• DATA PROVIDED
--- START ---

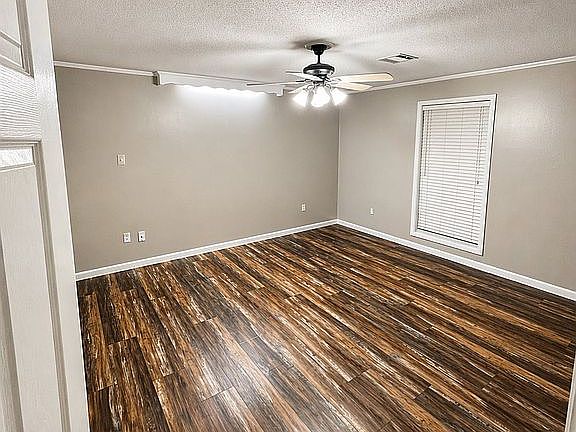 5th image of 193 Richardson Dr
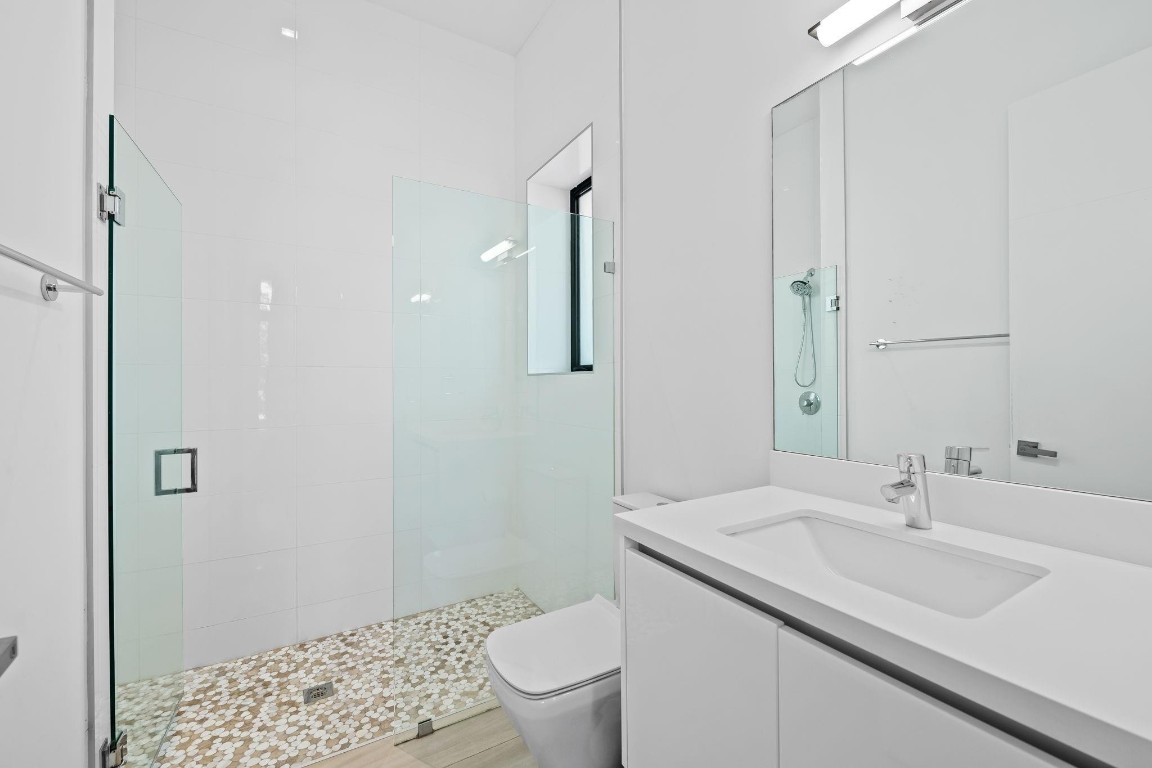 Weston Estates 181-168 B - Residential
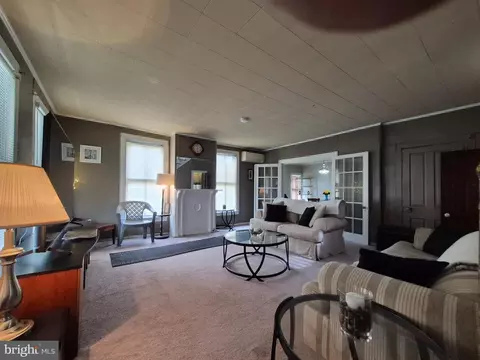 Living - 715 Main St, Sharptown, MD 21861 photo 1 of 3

--- END ---

• WHAT YOU HAVE TO DO
The lines above should be transcribed exactly, with every image removed.

• FINISHED EXERCISE
 5th image of 193 Richardson Dr
 Weston Estates 181-168 B - Residential
 Living - 715 Main St, Sharptown, MD 21861 photo 1 of 3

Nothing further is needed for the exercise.